[The data Boundary: Start]
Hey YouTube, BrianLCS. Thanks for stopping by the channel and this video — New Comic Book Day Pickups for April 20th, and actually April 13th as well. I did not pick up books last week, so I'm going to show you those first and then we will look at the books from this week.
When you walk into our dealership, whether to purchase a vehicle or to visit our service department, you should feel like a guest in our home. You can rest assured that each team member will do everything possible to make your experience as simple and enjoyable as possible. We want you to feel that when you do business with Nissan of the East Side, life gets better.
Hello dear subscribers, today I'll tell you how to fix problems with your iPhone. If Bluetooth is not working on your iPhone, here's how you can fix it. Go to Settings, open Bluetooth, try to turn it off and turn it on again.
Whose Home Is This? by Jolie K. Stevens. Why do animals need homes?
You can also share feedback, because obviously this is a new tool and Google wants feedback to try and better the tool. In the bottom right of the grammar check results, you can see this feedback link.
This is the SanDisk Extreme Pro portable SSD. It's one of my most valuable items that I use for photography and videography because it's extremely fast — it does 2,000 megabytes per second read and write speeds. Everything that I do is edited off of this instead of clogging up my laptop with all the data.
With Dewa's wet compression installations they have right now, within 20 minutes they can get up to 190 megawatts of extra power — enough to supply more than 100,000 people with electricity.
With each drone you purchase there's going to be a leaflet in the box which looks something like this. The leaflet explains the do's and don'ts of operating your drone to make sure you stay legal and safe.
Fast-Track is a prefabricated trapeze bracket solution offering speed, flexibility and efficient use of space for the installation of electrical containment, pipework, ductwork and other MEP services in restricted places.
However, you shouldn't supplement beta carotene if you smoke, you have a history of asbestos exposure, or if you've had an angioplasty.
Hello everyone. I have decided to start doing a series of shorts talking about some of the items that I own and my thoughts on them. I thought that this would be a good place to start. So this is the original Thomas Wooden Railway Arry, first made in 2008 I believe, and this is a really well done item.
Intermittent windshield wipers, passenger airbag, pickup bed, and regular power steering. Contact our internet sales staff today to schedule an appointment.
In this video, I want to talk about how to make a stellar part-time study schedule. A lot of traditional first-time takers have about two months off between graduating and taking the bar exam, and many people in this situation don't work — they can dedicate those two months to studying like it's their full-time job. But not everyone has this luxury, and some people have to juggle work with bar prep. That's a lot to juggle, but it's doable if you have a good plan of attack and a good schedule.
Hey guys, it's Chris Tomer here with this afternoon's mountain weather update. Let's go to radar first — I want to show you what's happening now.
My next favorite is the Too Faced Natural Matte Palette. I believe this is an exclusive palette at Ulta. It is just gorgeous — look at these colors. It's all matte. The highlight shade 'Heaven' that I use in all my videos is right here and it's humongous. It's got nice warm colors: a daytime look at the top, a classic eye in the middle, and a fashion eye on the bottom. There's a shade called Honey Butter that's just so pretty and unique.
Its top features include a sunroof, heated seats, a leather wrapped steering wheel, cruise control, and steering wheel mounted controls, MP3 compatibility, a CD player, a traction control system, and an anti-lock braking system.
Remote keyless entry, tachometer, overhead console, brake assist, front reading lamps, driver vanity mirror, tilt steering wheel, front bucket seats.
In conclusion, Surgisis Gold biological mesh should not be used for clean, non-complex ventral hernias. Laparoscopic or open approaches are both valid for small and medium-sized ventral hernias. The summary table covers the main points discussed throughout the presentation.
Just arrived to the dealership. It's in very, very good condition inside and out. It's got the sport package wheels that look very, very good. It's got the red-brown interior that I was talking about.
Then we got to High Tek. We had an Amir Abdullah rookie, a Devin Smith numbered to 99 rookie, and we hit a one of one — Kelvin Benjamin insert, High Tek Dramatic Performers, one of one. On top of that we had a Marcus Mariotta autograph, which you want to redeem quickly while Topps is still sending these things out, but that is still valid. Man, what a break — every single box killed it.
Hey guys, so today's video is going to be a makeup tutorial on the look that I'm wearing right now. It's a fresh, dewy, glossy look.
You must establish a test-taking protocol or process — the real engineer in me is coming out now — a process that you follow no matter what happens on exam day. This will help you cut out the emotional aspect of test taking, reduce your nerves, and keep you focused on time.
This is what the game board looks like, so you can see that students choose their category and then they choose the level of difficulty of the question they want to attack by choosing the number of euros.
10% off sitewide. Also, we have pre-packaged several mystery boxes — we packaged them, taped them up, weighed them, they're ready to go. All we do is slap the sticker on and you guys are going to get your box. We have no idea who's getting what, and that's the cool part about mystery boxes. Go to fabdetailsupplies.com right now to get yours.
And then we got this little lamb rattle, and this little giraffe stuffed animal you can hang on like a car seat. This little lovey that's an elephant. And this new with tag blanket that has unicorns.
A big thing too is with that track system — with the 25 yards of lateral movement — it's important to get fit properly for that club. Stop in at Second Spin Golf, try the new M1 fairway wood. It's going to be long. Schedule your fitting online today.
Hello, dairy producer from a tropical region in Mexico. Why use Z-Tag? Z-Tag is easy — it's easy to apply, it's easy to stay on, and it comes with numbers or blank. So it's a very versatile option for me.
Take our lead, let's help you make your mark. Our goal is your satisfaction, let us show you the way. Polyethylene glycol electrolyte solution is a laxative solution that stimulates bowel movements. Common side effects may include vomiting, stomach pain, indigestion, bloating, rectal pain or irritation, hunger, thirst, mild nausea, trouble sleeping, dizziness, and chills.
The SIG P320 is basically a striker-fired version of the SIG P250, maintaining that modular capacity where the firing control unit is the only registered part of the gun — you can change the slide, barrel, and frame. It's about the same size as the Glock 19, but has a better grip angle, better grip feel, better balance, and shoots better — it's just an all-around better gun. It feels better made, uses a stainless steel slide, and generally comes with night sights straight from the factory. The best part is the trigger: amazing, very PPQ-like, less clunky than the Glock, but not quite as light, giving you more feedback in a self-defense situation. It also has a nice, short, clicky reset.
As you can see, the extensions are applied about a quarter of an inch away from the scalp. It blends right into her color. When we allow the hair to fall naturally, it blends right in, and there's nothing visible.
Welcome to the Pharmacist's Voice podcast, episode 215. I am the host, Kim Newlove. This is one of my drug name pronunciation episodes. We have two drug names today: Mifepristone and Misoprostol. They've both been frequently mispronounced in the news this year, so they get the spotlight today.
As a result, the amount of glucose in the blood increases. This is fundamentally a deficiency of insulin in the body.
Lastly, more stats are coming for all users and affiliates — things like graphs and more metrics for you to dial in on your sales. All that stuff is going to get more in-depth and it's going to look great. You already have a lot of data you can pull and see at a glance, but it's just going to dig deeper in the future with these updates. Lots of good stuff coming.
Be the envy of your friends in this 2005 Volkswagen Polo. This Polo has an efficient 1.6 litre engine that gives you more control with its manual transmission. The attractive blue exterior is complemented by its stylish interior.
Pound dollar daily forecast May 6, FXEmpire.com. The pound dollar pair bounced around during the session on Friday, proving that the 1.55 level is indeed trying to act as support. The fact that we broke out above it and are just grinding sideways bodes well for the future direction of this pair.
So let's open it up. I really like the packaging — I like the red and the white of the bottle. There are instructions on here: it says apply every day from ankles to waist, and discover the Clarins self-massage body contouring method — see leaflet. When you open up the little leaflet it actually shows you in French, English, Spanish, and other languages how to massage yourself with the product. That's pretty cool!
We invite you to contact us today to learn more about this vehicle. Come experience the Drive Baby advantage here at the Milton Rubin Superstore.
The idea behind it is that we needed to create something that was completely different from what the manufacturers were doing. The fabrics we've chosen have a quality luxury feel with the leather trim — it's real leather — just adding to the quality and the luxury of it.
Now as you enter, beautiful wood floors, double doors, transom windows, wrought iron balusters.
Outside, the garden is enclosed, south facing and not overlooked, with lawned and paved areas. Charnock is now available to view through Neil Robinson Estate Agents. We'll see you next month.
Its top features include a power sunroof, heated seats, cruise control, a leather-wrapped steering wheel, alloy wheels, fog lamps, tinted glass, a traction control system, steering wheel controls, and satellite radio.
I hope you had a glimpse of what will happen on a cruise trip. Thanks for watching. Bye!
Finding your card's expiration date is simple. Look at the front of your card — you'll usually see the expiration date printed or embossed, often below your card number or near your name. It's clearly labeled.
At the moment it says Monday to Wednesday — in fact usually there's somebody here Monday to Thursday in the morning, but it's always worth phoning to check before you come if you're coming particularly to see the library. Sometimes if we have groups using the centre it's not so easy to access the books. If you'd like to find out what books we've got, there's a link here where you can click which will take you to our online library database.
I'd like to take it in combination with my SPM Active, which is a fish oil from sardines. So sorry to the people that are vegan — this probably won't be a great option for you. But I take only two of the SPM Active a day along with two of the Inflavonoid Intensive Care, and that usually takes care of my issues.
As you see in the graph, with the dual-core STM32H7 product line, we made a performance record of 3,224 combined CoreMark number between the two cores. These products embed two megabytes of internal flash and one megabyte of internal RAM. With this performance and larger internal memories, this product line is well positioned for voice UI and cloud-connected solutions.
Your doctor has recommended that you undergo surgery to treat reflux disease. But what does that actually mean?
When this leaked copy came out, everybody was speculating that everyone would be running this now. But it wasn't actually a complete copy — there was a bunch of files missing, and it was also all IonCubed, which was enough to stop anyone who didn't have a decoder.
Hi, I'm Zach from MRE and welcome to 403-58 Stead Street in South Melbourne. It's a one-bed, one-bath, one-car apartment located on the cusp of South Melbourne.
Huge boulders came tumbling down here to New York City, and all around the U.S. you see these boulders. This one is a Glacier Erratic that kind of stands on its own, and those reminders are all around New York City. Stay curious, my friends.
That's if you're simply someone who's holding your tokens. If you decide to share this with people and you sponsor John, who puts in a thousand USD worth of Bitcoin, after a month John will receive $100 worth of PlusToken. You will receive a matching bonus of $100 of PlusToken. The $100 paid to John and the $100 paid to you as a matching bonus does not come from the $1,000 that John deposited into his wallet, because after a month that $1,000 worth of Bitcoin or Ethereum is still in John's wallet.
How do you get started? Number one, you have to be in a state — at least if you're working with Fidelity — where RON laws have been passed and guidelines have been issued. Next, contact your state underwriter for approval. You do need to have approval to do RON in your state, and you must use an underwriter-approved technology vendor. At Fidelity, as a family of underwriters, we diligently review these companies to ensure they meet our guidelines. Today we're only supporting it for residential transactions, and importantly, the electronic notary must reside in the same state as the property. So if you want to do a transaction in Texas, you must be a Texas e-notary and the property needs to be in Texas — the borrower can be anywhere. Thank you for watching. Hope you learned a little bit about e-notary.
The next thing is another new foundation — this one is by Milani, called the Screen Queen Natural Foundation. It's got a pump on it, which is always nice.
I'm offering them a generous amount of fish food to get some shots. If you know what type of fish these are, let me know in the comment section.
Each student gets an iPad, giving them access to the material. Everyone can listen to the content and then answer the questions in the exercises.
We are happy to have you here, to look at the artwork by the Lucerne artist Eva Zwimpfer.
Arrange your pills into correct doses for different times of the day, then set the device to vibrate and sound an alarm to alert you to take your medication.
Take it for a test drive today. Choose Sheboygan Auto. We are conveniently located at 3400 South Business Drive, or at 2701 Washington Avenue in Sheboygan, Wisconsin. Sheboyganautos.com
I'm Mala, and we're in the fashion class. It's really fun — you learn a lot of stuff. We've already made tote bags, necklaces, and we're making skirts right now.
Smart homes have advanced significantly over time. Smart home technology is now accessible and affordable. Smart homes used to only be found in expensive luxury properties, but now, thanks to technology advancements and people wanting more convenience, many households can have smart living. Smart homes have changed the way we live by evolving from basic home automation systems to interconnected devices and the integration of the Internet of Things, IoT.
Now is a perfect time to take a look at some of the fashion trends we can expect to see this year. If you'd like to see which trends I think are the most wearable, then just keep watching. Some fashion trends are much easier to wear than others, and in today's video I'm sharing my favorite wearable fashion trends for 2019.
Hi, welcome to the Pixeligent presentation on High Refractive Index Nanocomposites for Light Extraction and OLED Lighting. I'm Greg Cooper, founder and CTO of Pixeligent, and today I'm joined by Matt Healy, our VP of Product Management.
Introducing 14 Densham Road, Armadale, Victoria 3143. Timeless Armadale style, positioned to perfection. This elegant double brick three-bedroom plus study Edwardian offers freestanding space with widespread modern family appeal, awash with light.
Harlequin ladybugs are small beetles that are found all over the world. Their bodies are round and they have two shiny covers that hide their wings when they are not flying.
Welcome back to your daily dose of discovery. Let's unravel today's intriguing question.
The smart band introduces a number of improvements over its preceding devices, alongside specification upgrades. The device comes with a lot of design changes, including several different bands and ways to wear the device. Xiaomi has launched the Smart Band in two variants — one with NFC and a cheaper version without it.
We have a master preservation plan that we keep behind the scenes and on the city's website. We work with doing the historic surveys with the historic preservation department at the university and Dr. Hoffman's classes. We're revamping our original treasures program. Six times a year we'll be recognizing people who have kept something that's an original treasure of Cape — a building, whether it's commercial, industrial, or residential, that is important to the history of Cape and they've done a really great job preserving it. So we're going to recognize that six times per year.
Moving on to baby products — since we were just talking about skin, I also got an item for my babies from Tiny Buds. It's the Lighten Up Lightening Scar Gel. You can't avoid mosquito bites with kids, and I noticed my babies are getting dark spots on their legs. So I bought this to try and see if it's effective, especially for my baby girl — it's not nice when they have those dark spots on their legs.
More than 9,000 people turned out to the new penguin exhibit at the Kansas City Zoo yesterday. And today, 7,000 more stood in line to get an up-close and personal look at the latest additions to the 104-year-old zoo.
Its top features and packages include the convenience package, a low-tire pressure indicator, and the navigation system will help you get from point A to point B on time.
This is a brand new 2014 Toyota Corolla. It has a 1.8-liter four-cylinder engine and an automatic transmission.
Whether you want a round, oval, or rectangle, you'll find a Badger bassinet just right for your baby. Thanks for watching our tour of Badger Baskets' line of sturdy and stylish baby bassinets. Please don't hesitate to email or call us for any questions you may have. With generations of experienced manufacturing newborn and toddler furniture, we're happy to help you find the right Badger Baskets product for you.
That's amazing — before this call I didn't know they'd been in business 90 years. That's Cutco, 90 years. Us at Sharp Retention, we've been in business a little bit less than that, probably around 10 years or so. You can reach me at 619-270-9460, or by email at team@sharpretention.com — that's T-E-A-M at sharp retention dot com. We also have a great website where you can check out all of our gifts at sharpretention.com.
[The data Boundary: End]
Task statement: From the records above, copy out the line with "Welcome back to", the line with "This is a brand", and every line between them, word for word.

Solution for this problem:
Welcome back to your daily dose of discovery. Let's unravel today's intriguing question.
The smart band introduces a number of improvements over its preceding devices, alongside specification upgrades. The device comes with a lot of design changes, including several different bands and ways to wear the device. Xiaomi has launched the Smart Band in two variants — one with NFC and a cheaper version without it.
We have a master preservation plan that we keep behind the scenes and on the city's website. We work with doing the historic surveys with the historic preservation department at the university and Dr. Hoffman's classes. We're revamping our original treasures program. Six times a year we'll be recognizing people who have kept something that's an original treasure of Cape — a building, whether it's commercial, industrial, or residential, that is important to the history of Cape and they've done a really great job preserving it. So we're going to recognize that six times per year.
Moving on to baby products — since we were just talking about skin, I also got an item for my babies from Tiny Buds. It's the Lighten Up Lightening Scar Gel. You can't avoid mosquito bites with kids, and I noticed my babies are getting dark spots on their legs. So I bought this to try and see if it's effective, especially for my baby girl — it's not nice when they have those dark spots on their legs.
More than 9,000 people turned out to the new penguin exhibit at the Kansas City Zoo yesterday. And today, 7,000 more stood in line to get an up-close and personal look at the latest additions to the 104-year-old zoo.
Its top features and packages include the convenience package, a low-tire pressure indicator, and the navigation system will help you get from point A to point B on time.
This is a brand new 2014 Toyota Corolla. It has a 1.8-liter four-cylinder engine and an automatic transmission.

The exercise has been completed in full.